Because AN patients eat very little food, Dr. Gorwood and collaborators find the increase in the level of ghrelin, an “orexigen,” in AN “paradoxical” and they suggest that anorexics have a “global resistance to orexigenic signals.” However, this conclusion is inappropriate, just as the reconsideration of the “neuropeptide tyrosine (NPY) paradox” has demonstrated. Thus, whereas sedentary rats eat more food when treated with NPY, they increase their foraging for food, but eat less when food availability is restricted (Södersten et al., 2008). An “orexigenic” hormone, NPY, turns into an “anorexigen” when the food environment changes from abundance to scarcity, questioning the usefulness of the concept of orexigens and anorexigens (Zandian et al., 2015). Similarly, the older concepts of excitation and inhibition exerted by anatomically separable hypothalamic centers that were thought to maintain body weight homeostasis (Stellar, 1954) also seem not to be applicable to the normal control of food intake (Södersten et al., 2008). In the same way, ghrelin stimulates foraging when the supply of food is continuously limited, but it stimulates eating when food is temporarily removed (Méquinion et al., 2015). Far from being “paradoxical” or even “inappropriate,” increased physical activity associated with low leptin levels and high plasma concentrations of ghrelin are adaptations to a long-term reduction in food intake by encouraging the production of heat to maintain thermal homeostasis in individuals whose surface area remains the same, but whose body mass that produces heat has greatly diminished. This response is therefore beneficial, rather than pathological in experimental animals or AN (Méquinion et al., 2015). These changes in ghrelin may be a response to low body weight and low food intake, as constitutionally thin women also have high levels of ghrelin (Tolle et al., 2003). In addition, the hypothalamic neurons of mice, previously thought to be sensors of metabolic status, respond immediately to the introduction of food into their environment, even when pre-treated with ghrelin, supporting the idea that ghrelin does not actually control food intake (Chen et al., 2015).

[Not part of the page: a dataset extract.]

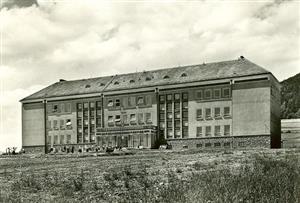 Budova tehdejší Základní školy Pionýrská byla otevřena v roce 1958 a do dnešních dnů příliš změn v exteriéru nedoznala.<br/>
FOTO: ARCHIV MUZEA FOJTSTVÍ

Effective treatment for anorexia nervosa

We have suggested that treatment of AN should focus on the disordered eating behavior, which is the major behavioral marker of AN, and that the other aspects of the anorexic phenotype emerge as a consequence of starvation and that they will also return to normal when eating behavior and food intake have been normalized (Bergh and Södersten, 1996). Indeed, in a randomized clinical trial, we showed that such a therapy is effective for AN (Bergh et al., 2002). Moreover, the outcome of this treatment for 1428 patients, including all eating disorders diagnoses, had a remission rate of 75%, with a rate of relapse of 10% over 5 years of follow-up, and no patient has died in treatment or follow-up (Bergh et al., 2013). In stark contrast, as Dr. Gorwood and collaborators pointed out, standard treatments have very limited effect on AN, which is therefore associated with “the highest mortality rate of all psychiatric disorders …and exceptionally high relapse rates.” We therefore think that considering the complexities of the interactions between AN and starvation, while interesting, will be unlikely to lead to an even more effective treatment for this disorder.

Author contributions

All authors contributed to this work and approved it for publication.

Funding

This work was supported by Mando Group AB.

Conflict of interest statement

PS and CB own 47.5% each and ML owns 5% in the stock of Mando Group AB, the company that treats patients with eating disorders through contractual agreements with the City Council of Stockholm. All health care, provided by public as well as private clinics, is publically funded by such contracts in Sweden.